LLM Fine-tuning (Vertex AI Edition)

We will fine-tune a Large Language Model (LLM) using industry-standard tools and Google Cloud's Vertex AI platform. We will use Hugging Face's `transformers` and `datasets` libraries, and Vertex AI Experiments.

**Goal**: Fine-tune a `Gemma 3` model to speak like a Pirate!

**Tech Stack**:
*   **Model**: [Google Gemma 3 1B](https://huggingface.co/google/gemma-3-1b-it)
*   **Dataset**: [Pirate UltraChat](https://huggingface.co/datasets/winglian/pirate-ultrachat-10k)
*   **Logging & Eval**: Google Cloud Vertex AI (Experiments & Gemini Judge)


In [None]:
# Install dependencies
!pip install transformers datasets peft google-cloud-aiplatform --quiet
!pip install torch --quiet

In [None]:
import os
import json
import numpy as np
from tqdm import tqdm
import matplotlib.pyplot as plt

import torch
from torch.nn import functional as F
from torch.utils.data import DataLoader

from transformers import AutoTokenizer, AutoModelForCausalLM
from datasets import load_dataset
from peft import LoraConfig, get_peft_model

# Vertex AI
import vertexai
from vertexai.generative_models import GenerativeModel, SafetySetting

# TODO: Initialize Vertex AI
# vertexai.init(project="YOUR_PROJECT_ID", location="us-central1")

## 1. Data Preparation

We will use the `winglian/pirate-ultrachat-10k` dataset from Hugging Face.

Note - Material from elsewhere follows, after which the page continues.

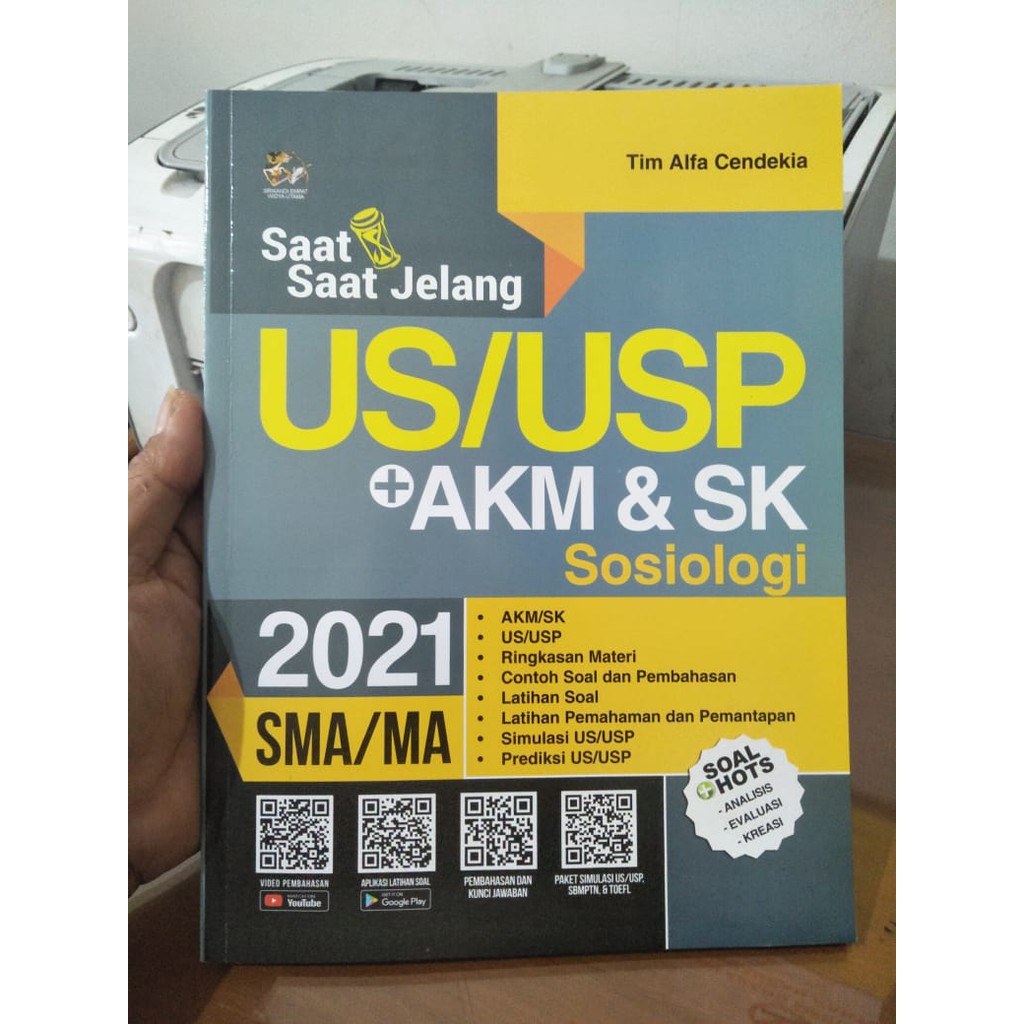 Buku Saat Saat Jelang Us Dan Sp Plus Akm Dan Sk Sosiologi Sma 2021 Shopee Indonesia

This dataset contains conversations re-written in a pirate style.

In [None]:
# Load dataset from Hugging Face
dataset_id = "winglian/pirate-ultrachat-10k"
dataset = load_dataset(dataset_id, split="train[:2000]") # Use a subset for speed

print(f"Loaded {len(dataset)} samples.")
print("Sample entry:", dataset[0])

## 2. Model Setup (Gemma 3)

We use `google/gemma-3-1b-it`, the smallest and most efficient version of Google's latest open model series. While a 270M parameter version doesn't exist, this 1B model is highly optimized and perfect for fine-tuning.

In [None]:
model_id = "google/gemma-3-1b-it"
tokenizer = AutoTokenizer.from_pretrained(model_id)
tokenizer.pad_token = tokenizer.eos_token

model = AutoModelForCausalLM.from_pretrained(model_id, device_map="auto", torch_dtype=torch.bfloat16)

## 3. LoRA Configuration

We use Low-Rank Adaptation (LoRA) to fine-tune efficiently. We rely on the `peft` library's defaults to target the standard attention projection layers.

In [None]:
def apply_lora(model):
    lora_config = LoraConfig(
        r=8,
        lora_alpha=16,
        task_type="CAUSAL_LM",
        lora_dropout=0.05
    )
    return get_peft_model(model, lora_config)

model = apply_lora(model)
model.print_trainable_parameters()

## 4. Training Loop with Vertex AI Logging

We replace Comet with Vertex AI Experiments for tracking metrics.

In [None]:
def train(model, dataset, tokenizer, max_steps=100):
    # Initialize Vertex AI Experiment
    vertexai.init(experiment="pirate-finetune-lab")
    vertexai.start_run("run-1")
    
    optimizer = Lion(model.parameters(), lr=1e-4)
    model.train()
    
    # Simple data collator/formatter
    def collate_fn(batch):
        prompts = []
        for item in batch:
             # Assuming dataset has 'messages' list with 'content'
             # We adapt to a simple format for this lab
             # Note: Adjust key names based on actual dataset inspection
             chat = item['messages'] # Adapt this if dataset structure differs
             # Construct simple prompt: User -> Assistant
             text = tokenizer.apply_chat_template(chat, tokenize=False, add_generation_prompt=False)
             prompts.append(text)
        
        return tokenizer(prompts, return_tensors="pt", padding=True, truncation=True, max_length=512).to(model.device)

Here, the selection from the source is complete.